* **TO DO**
All the entries that follow are to be returned exactly.

======== DATA FOR THIS TASK ========

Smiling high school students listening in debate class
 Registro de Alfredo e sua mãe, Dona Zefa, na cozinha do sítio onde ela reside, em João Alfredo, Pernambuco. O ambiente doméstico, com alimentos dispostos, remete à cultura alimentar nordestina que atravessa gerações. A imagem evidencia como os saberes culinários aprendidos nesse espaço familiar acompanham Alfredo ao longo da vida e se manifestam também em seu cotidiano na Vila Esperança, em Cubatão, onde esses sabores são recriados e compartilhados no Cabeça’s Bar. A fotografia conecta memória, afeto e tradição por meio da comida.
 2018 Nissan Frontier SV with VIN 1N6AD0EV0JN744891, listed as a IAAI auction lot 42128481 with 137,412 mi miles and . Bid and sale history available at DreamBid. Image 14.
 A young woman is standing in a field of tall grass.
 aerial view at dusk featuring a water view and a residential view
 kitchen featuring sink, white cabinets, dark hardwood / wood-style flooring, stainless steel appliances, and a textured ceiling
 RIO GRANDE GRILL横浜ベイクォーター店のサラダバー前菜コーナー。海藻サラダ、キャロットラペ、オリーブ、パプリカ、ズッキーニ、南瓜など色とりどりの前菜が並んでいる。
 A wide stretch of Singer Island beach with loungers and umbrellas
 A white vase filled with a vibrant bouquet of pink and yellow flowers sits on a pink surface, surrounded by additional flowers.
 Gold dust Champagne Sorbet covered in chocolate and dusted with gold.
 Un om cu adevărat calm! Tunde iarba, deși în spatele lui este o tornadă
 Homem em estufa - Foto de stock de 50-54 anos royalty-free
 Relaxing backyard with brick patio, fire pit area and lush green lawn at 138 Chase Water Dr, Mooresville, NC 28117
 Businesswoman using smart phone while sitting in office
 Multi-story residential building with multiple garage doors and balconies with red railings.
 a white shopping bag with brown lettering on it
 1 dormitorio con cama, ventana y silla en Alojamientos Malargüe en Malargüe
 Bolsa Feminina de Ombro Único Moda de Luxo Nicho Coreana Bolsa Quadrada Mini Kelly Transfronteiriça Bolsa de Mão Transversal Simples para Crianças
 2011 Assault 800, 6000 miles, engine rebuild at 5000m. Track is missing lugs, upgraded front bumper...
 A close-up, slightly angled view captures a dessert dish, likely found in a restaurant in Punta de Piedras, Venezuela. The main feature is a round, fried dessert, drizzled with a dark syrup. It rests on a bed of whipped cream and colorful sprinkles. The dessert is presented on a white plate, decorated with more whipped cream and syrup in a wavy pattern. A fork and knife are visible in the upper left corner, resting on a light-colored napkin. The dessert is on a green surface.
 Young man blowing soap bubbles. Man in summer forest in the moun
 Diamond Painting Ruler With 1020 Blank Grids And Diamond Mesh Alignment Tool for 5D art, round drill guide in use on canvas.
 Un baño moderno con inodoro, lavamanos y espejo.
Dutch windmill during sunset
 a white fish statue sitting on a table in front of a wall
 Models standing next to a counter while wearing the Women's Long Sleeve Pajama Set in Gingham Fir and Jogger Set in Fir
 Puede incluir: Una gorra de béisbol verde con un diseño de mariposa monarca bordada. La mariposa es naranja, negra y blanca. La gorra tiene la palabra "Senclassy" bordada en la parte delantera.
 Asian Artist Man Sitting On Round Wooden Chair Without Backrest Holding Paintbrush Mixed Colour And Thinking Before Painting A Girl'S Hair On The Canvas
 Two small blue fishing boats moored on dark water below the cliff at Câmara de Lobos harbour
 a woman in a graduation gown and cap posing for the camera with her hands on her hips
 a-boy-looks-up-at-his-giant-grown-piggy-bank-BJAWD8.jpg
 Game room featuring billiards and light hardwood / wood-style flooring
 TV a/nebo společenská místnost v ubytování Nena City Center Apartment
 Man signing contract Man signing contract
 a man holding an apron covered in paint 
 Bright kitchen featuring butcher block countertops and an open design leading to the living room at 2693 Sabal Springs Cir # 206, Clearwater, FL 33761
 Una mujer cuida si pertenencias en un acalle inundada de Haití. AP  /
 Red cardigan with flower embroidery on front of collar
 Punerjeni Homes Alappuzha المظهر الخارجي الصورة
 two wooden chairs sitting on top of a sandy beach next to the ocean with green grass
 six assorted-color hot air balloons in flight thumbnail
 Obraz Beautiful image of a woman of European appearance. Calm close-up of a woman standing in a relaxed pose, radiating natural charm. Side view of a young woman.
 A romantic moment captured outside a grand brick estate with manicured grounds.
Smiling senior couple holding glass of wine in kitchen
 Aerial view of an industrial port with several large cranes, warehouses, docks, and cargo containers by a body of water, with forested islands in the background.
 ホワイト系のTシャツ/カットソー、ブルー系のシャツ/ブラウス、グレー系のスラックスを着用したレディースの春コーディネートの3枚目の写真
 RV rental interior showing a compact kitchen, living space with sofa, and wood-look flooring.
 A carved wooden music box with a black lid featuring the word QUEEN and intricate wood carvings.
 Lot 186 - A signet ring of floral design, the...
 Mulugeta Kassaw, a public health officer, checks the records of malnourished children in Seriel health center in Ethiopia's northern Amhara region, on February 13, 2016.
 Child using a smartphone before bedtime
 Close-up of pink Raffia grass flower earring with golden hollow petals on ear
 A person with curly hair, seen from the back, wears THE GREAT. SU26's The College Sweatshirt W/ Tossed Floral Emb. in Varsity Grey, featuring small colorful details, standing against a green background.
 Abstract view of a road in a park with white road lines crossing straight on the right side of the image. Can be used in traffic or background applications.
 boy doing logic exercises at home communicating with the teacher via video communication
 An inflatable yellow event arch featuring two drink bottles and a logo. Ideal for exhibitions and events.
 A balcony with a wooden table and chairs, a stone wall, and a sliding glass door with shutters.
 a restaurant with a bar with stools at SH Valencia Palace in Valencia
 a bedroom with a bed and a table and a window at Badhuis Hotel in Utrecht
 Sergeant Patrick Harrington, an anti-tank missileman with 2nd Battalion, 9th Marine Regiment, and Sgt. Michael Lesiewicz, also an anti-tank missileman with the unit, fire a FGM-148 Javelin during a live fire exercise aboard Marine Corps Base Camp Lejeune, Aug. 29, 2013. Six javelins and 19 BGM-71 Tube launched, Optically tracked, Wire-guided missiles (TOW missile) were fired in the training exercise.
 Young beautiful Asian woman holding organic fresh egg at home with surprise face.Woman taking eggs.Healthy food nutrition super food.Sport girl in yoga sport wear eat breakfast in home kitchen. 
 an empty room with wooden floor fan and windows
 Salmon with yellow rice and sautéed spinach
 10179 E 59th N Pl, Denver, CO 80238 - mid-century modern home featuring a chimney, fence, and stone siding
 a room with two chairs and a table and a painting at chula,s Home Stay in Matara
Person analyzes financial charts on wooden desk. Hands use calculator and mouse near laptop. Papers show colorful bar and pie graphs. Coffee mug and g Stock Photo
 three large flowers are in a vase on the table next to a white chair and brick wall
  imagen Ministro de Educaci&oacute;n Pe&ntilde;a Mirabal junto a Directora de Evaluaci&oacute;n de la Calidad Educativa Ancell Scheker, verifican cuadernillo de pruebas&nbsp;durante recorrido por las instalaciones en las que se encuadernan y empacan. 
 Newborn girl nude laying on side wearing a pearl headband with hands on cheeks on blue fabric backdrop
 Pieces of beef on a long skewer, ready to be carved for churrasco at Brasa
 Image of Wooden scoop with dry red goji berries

========

* **WRITTEN RESPONSE**
Smiling high school students listening in debate class
 Registro de Alfredo e sua mãe, Dona Zefa, na cozinha do sítio onde ela reside, em João Alfredo, Pernambuco. O ambiente doméstico, com alimentos dispostos, remete à cultura alimentar nordestina que atravessa gerações. A imagem evidencia como os saberes culinários aprendidos nesse espaço familiar acompanham Alfredo ao longo da vida e se manifestam também em seu cotidiano na Vila Esperança, em Cubatão, onde esses sabores são recriados e compartilhados no Cabeça’s Bar. A fotografia conecta memória, afeto e tradição por meio da comida.
 2018 Nissan Frontier SV with VIN 1N6AD0EV0JN744891, listed as a IAAI auction lot 42128481 with 137,412 mi miles and . Bid and sale history available at DreamBid. Image 14.
 A young woman is standing in a field of tall grass.
 aerial view at dusk featuring a water view and a residential view
 kitchen featuring sink, white cabinets, dark hardwood / wood-style flooring, stainless steel appliances, and a textured ceiling
 RIO GRANDE GRILL横浜ベイクォーター店のサラダバー前菜コーナー。海藻サラダ、キャロットラペ、オリーブ、パプリカ、ズッキーニ、南瓜など色とりどりの前菜が並んでいる。
 A wide stretch of Singer Island beach with loungers and umbrellas
 A white vase filled with a vibrant bouquet of pink and yellow flowers sits on a pink surface, surrounded by additional flowers.
 Gold dust Champagne Sorbet covered in chocolate and dusted with gold.
 Un om cu adevărat calm! Tunde iarba, deși în spatele lui este o tornadă
 Homem em estufa - Foto de stock de 50-54 anos royalty-free
 Relaxing backyard with brick patio, fire pit area and lush green lawn at 138 Chase Water Dr, Mooresville, NC 28117
 Businesswoman using smart phone while sitting in office
 Multi-story residential building with multiple garage doors and balconies with red railings.
 a white shopping bag with brown lettering on it
 1 dormitorio con cama, ventana y silla en Alojamientos Malargüe en Malargüe
 Bolsa Feminina de Ombro Único Moda de Luxo Nicho Coreana Bolsa Quadrada Mini Kelly Transfronteiriça Bolsa de Mão Transversal Simples para Crianças
 2011 Assault 800, 6000 miles, engine rebuild at 5000m. Track is missing lugs, upgraded front bumper...
 A close-up, slightly angled view captures a dessert dish, likely found in a restaurant in Punta de Piedras, Venezuela. The main feature is a round, fried dessert, drizzled with a dark syrup. It rests on a bed of whipped cream and colorful sprinkles. The dessert is presented on a white plate, decorated with more whipped cream and syrup in a wavy pattern. A fork and knife are visible in the upper left corner, resting on a light-colored napkin. The dessert is on a green surface.
 Young man blowing soap bubbles. Man in summer forest in the moun
 Diamond Painting Ruler With 1020 Blank Grids And Diamond Mesh Alignment Tool for 5D art, round drill guide in use on canvas.
 Un baño moderno con inodoro, lavamanos y espejo.
Dutch windmill during sunset
 a white fish statue sitting on a table in front of a wall
 Models standing next to a counter while wearing the Women's Long Sleeve Pajama Set in Gingham Fir and Jogger Set in Fir
 Puede incluir: Una gorra de béisbol verde con un diseño de mariposa monarca bordada. La mariposa es naranja, negra y blanca. La gorra tiene la palabra "Senclassy" bordada en la parte delantera.
 Asian Artist Man Sitting On Round Wooden Chair Without Backrest Holding Paintbrush Mixed Colour And Thinking Before Painting A Girl'S Hair On The Canvas
 Two small blue fishing boats moored on dark water below the cliff at Câmara de Lobos harbour
 a woman in a graduation gown and cap posing for the camera with her hands on her hips
 a-boy-looks-up-at-his-giant-grown-piggy-bank-BJAWD8.jpg
 Game room featuring billiards and light hardwood / wood-style flooring
 TV a/nebo společenská místnost v ubytování Nena City Center Apartment
 Man signing contract Man signing contract
 a man holding an apron covered in paint 
 Bright kitchen featuring butcher block countertops and an open design leading to the living room at 2693 Sabal Springs Cir # 206, Clearwater, FL 33761
 Una mujer cuida si pertenencias en un acalle inundada de Haití. AP  /
 Red cardigan with flower embroidery on front of collar
 Punerjeni Homes Alappuzha المظهر الخارجي الصورة
 two wooden chairs sitting on top of a sandy beach next to the ocean with green grass
 six assorted-color hot air balloons in flight thumbnail
 Obraz Beautiful image of a woman of European appearance. Calm close-up of a woman standing in a relaxed pose, radiating natural charm. Side view of a young woman.
 A romantic moment captured outside a grand brick estate with manicured grounds.
Smiling senior couple holding glass of wine in kitchen
 Aerial view of an industrial port with several large cranes, warehouses, docks, and cargo containers by a body of water, with forested islands in the background.
 ホワイト系のTシャツ/カットソー、ブルー系のシャツ/ブラウス、グレー系のスラックスを着用したレディースの春コーディネートの3枚目の写真
 RV rental interior showing a compact kitchen, living space with sofa, and wood-look flooring.
 A carved wooden music box with a black lid featuring the word QUEEN and intricate wood carvings.
 Lot 186 - A signet ring of floral design, the...
 Mulugeta Kassaw, a public health officer, checks the records of malnourished children in Seriel health center in Ethiopia's northern Amhara region, on February 13, 2016.
 Child using a smartphone before bedtime
 Close-up of pink Raffia grass flower earring with golden hollow petals on ear
 A person with curly hair, seen from the back, wears THE GREAT. SU26's The College Sweatshirt W/ Tossed Floral Emb. in Varsity Grey, featuring small colorful details, standing against a green background.
 Abstract view of a road in a park with white road lines crossing straight on the right side of the image. Can be used in traffic or background applications.
 boy doing logic exercises at home communicating with the teacher via video communication
 An inflatable yellow event arch featuring two drink bottles and a logo. Ideal for exhibitions and events.
 A balcony with a wooden table and chairs, a stone wall, and a sliding glass door with shutters.
 a restaurant with a bar with stools at SH Valencia Palace in Valencia
 a bedroom with a bed and a table and a window at Badhuis Hotel in Utrecht
 Sergeant Patrick Harrington, an anti-tank missileman with 2nd Battalion, 9th Marine Regiment, and Sgt. Michael Lesiewicz, also an anti-tank missileman with the unit, fire a FGM-148 Javelin during a live fire exercise aboard Marine Corps Base Camp Lejeune, Aug. 29, 2013. Six javelins and 19 BGM-71 Tube launched, Optically tracked, Wire-guided missiles (TOW missile) were fired in the training exercise.
 Young beautiful Asian woman holding organic fresh egg at home with surprise face.Woman taking eggs.Healthy food nutrition super food.Sport girl in yoga sport wear eat breakfast in home kitchen. 
 an empty room with wooden floor fan and windows
 Salmon with yellow rice and sautéed spinach
 10179 E 59th N Pl, Denver, CO 80238 - mid-century modern home featuring a chimney, fence, and stone siding
 a room with two chairs and a table and a painting at chula,s Home Stay in Matara
Person analyzes financial charts on wooden desk. Hands use calculator and mouse near laptop. Papers show colorful bar and pie graphs. Coffee mug and g Stock Photo
 three large flowers are in a vase on the table next to a white chair and brick wall
  imagen Ministro de Educaci&oacute;n Pe&ntilde;a Mirabal junto a Directora de Evaluaci&oacute;n de la Calidad Educativa Ancell Scheker, verifican cuadernillo de pruebas&nbsp;durante recorrido por las instalaciones en las que se encuadernan y empacan. 
 Newborn girl nude laying on side wearing a pearl headband with hands on cheeks on blue fabric backdrop
 Pieces of beef on a long skewer, ready to be carved for churrasco at Brasa
 Image of Wooden scoop with dry red goji berries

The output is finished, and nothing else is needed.